You can sip chiya on your rooftop in winter, feel the sun on your face, hear kids yelling on the street, and think: there’s nowhere else I’d rather be.
And the very next day, you’ll stand in a government office for six hours to get a stamp, only to be told to come back next week. And suddenly, you’re thinking: I can’t stay here anymore.

It’s not one or the other. It’s both. Always both.

Gif by SinkingShipEntertainment on Giphy

The Generation of the Split

For many millennials and Gen Z Nepalis, this duality is our deepest inner conflict. We are the first generation truly exposed to a global world that our parents didn’t prepare us for—because they couldn’t. They navigated survival. We’re navigating identity.

We grew up dreaming of leaving, but we didn’t know what it would cost. We wanted opportunity, but didn’t realize it would mean trading in community. We chased better futures, but now live with the guilt of not choosing to stay.

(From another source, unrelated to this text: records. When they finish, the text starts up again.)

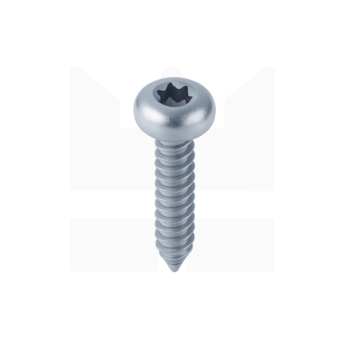 Plaatschroef Staal verzinkt | TORX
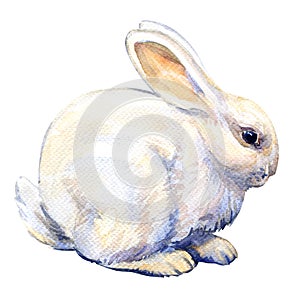 White bunny rabbit isolated, watercolor illustration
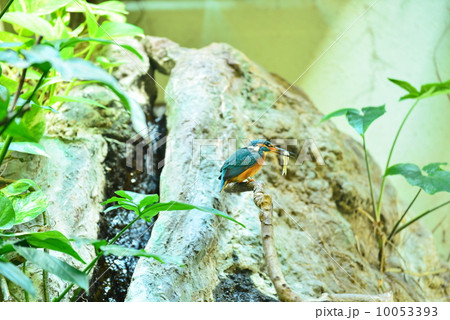 カワセミ 10053393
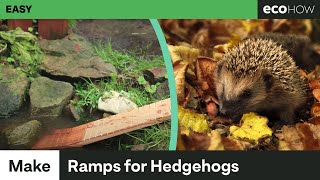 How to make a hedgehog ramp [upl. by Divd74]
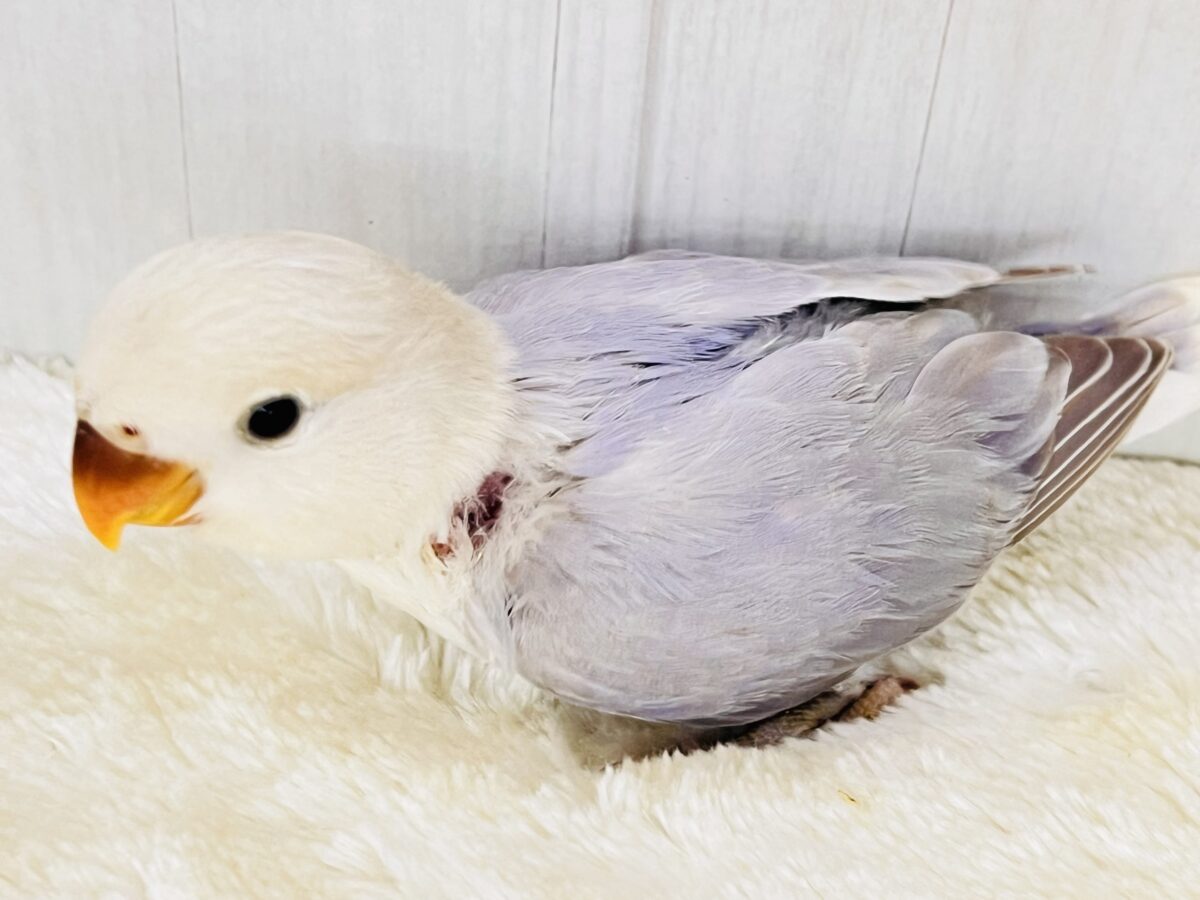 画像更新☆お上品なラベンダーグレー🪻🩶気品溢れる小桜インコの雛が入舎しましたよ☆ コザクラインコ(小桜インコ)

And even for those who stay, there's often a silent ache. An undercurrent of anger, resentment, and sometimes numbness. Because staying feels like choosing to fight a battle that never ends, and leaving feels like abandoning something sacred.

So where does that leave us?

Misunderstood and in the Middle

We are a misunderstood generation—not because we don’t know what we want, but because we want things that seem incompatible. We want roots and wings. Belonging and freedom. A country that lets us dream, but also one that honors our traditions.

We don’t fully belong at home, and we don’t fully belong abroad. We live in limbo.

We scroll through photos of Nepal while standing in subway stations. We translate words that once came naturally. We celebrate Dashain on Zoom. And still, our hearts ache.

So What Now?

The real question isn’t whether we should stay or leave.
The question is: should we let go of the Nepal we love? Or hold onto it—and fight for it?

Because maybe that first Nepal—the one with sunlight and suntala, kites and community—isn’t gone. Maybe it’s just buried under layers of neglect, waiting for us to uncover it. Maybe the Nepal we dream of can exist again—not as a memory, but as a future.

We’re not naive for loving Nepal. We’re not ungrateful for wanting better.

We’re just a generation caught between what is and what could be.

And that’s a heavy place to live.

But maybe—just maybe—if enough of us hold on, and show up, and stop choosing between leaving or staying, and instead start choosing to shape, nurture, and fight for that dream, we won’t have to keep living in two Nepals.

We’ll finally build the one we deserve.